History of the Peloponnesian War

Thucydides

Thucydides. The history of the Peloponnesian War, Volume 1-2. Dale, Henry, translator. London: Heinemann and Henry G. Bohn, 1851-1852.

This were not to your credit, Lacedaemonians, nor to offend against the general principles of the Greeks and your own forefathers, nor to destroy us, your benefactors, for other men's hatred of us, without having been wronged yourselves; but rather, to spare us, and relent in your hearts, having taken a rational pity on us; reflecting not only on the dreadful nature of the things we should suffer, but also on the character of the sufferers, and how misfortune admits not of calculating on whom it may one day fall, even without his deserving it.

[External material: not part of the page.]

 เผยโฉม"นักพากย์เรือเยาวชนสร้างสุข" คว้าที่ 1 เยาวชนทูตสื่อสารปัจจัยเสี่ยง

We then, as is suitable for us, and as our need induces us to do, entreat you, with invocations to the gods who are worshipped at the same altar, and by all the Greeks in common, that we may prevail on you in these things; pleading the oaths which your fathers swore, we pray that you will not be unmindful of them: we beseech you by your fathers' tombs, and appeal for aid to the dead, that we may not come under the power of the Thebans, nor those who are dearest to them be given up to those who are most hateful. We remind you, too, of that day on which we performed the most glorious things in their company, and yet now on this day are in danger of suffering the most dreadful.

But, to bring our speech to a close—a thing which is necessary, and at the same time hard for men so circumstanced, because the peril of our life approaches with it—we now say, in conclusion, that we did not surrender our city to the Thebans, (for before that we would have preferred to die the most inglorious death—that of famine,) but confided in and capitulated to you. And it were but fair, that, if we do not persuade you, you should restore us to the same position, and let us ourselves take the risk that befalls us.

At the same time we solemnly beseech you, that we who are Plataeans, and who showed the greatest zeal for the cause of the Greeks, may not be given up, suppliants as we are, out of your hands and your good faith, Lacedaemonians, to Thebans, who are our bitterest enemies; but that you would become our preservers, and not, while you are giving freedom to the rest of the Greeks, bring utter destruction upon us.